Aasia Bibi was sentenced to hang in Pakistain's central province of Punjab this month after being found guilty of insulting the Prophet Mohammed.

Pope Benedict XVI last week called for Bibi's release and said Christians in Pakistain were "often victims of violence and discrimination."

"According to my own investigation, it was a personal dispute and she did not commit blasphemy," said Pakistain's minister for minority affairs, Shahbaz Bhatti, who is himself a Christian.

He said Zardari had commissioned him to investigate the case. "I will hopefully submit my report to the president on Wednesday and recommend to him to grant pardon to Aasia Bibi".

"Bibi is innocent and the case against her is baseless."

Punjab governor Salman Taseer on Sunday became the first senior government official to appeal to Zardari for clemency after visiting Bibi in prison.

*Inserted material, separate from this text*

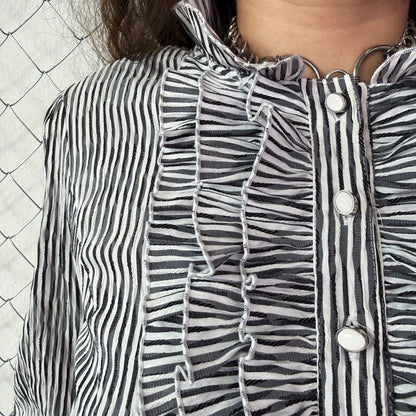 00’s Victorian/Circus style striped shirt with ruffle details 🎪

"We have forwarded her petition to President Asif Ali Ten Percent Zardari
... husband of the late Benazir Bhutto, who has been singularly lacking in curiosity about who done her in ...
and it is with him," Taseer told AFP. "She is poor and belongs to a minority community and should be pardoned."

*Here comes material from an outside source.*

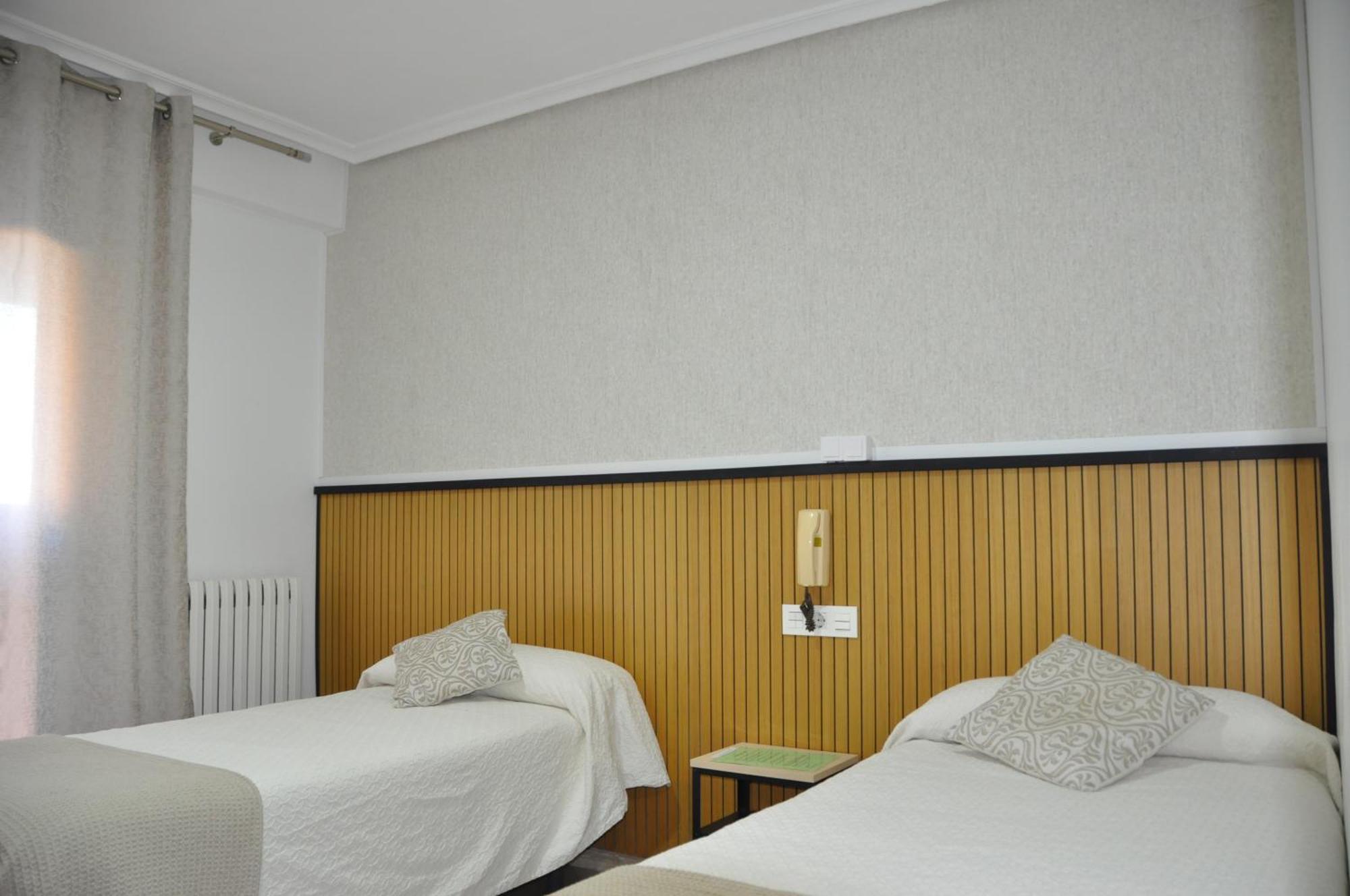 Hostal Ramon Y Cajal Valladolid Bagian luar foto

But the presidency told AFP on Monday it had received no petition.

Rights activists say Pakistain's controversial blasphemy law, which is punishable by death, encourages extremism in the Mohammedan country.

The case began in June 2009 when Bibi was asked to fetch water while out working in the fields. Mohammedan women labourers objected, saying that as a non-Mohammedan, she should not touch the water bowl.

Bibi was later jugged by police and prosecuted after Mohammedan women complained that she made derogatory remarks about the Prophet Mohammed.

Rights activists and pressure groups say it is the first time that a woman had been sentenced to hang in Pakistain for blasphemy.

Only around three per cent of Pakistain's population of 167 million are estimated to be non-Mohammedan.